Significance test. Here we will try to answer the question: Is the coin fair? We’ll follow the discussion in Wikipedia under p-value titled “Testing the fairness of a coin”.

We interpret “fair” as meaning \(p_h = 0.5\). Our null hypothesis is that the coin is fair and \(p_h = 0.5\).
We plot the probabilities for getting \(R\) heads in \(N=20\) tosses using the binomial probability mass distribution on the right above.
We decide on the significance \(p_{\rm crit} = 0.05\).

Important conceptual question

\(p_{\rm crit}\) and \(p_h\) are both probabilities. Explain what they are the probabilities of and how they are different.

We need to find the probability of getting data at least as extreme as \(D = \{R \text{ heads}, N \text{ tosses}\}\). For our example, that means adding up the binomial probabilities for \(R = 14, 15, \ldots, 20\), which is 0.058. (This is called a “one-tailed test”. If we wanted to consider deviations favoring tails as well, we would would add as well the probabilities for \(R = 0, 1, \ldots, 6\), so \(0.115\) in total. This would be a “two-tailed test”.) Comparing to \(p_{\rm crit} = 0.05\), we find the p-value is greater than \(p_{\rm crit}\), so the null hypothesis is not rejected at the 95% level. (Note that we say “not rejected” as opposed to “accepted”.) If we had gotten 15 heads instead we would have rejected the null hypothesis. We emphasize that in this frequentist analysis, the data is random while \(p_h\) is fixed (although unknown).

Exercise

Verify that if we had gotten 15 heads in \(N=20\) tosses that we would have rejected the null hypothesis.

Bayesian credible intervals and frequentist confidence intervals#

We already commented on the difference between the 68% degree of belief interval for the most likely value (in that case the bias weighting of the coin) and a frequentist \(1 \sigma\) confidence interval. Here are some additional comments.

The first point is that \(1 \sigma=68\)% assumes a Gaussian distribution around the maximum of the posterior (cf. above). While this will often work out okay, it may not. And, as we seek to translate \(n \sigma\) intervals into DoB statements, assuming a Gaussian becomes more and more questionable the higher \(n\) is. (Why?)

But the second point is more philosophical (meta-statistical?).

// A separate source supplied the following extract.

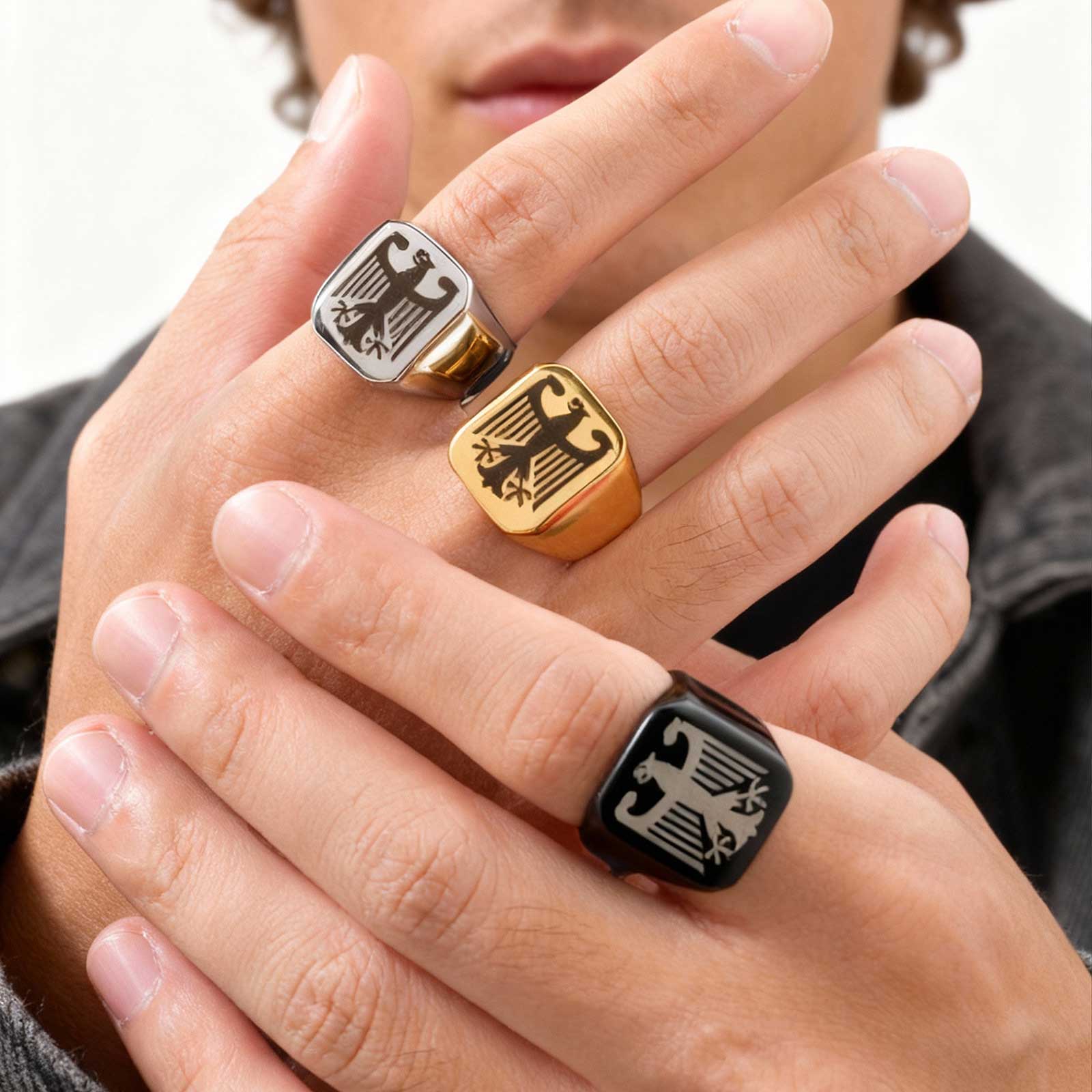 Custom Flying Hawk Eagle Ring  - Body Jewelry Wholesale のレビューと価格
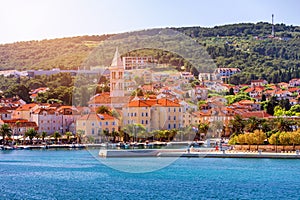 Supetar city in Brac island, Croatia. View from the sea. Picturesque scenic view on Supetar on Brac island, Croatia. Panoramic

One interval is a statement about \(p(x|D,I)\), while the other is a statement about \(p(D|x,I)\). (Note that because the conversion between the two PDFs requires the use of Bayes’ theorem, the Bayesian interval may be affected by the choice of the prior.)

The Bayesian version of a confidence interval is easy; a 68% credible interval or degree-of-belief (DoB) interval is: given some data and some information \(I\), there is a 68% chance (probability) that the interval contains the true parameter.

On the other hand, the frequentist 68% confidence interval is trickier: assuming the model (contained in \(I\)) and the value of the parameter \(x\), then if we do the experiment a large number of times then 68% of them will produce data in that interval. So the parameter is fixed (no PDF) and the confidence interval is a statement about data. Frequentists will try to make statements about parameters, but they end up a bit tangled, e.g., “There is a 68% probability that when I compute a confidence interval from data of this sort that the true value of \(\theta\) will fall within the (hypothetical) space of observations.”

For a one-dimensional posterior that is symmetric, it is clear how to define the \(d\%\) confidence interval. The algorithm is: start from the center, step outward on both sides, stop when \(d\%\) is enclosed. For a two-dimensional posterior, we need a way to integrate from the top. (One approach is to lower a plane, as described below for HPD.)

What if the distribution is asymmetic or multimodal? Here are two possible choices.

Equal-tailed interval (or central interval): define the boundaries of the interval so that the area above and below the interval are equal.
Highest posterior density (HPD) region: the posterior density for every point is higher than the posterior density for any point outside the interval. E.g., lower a horizontal line over the distribution until the desired interval percentage is covered by regions where the distribution is above the line.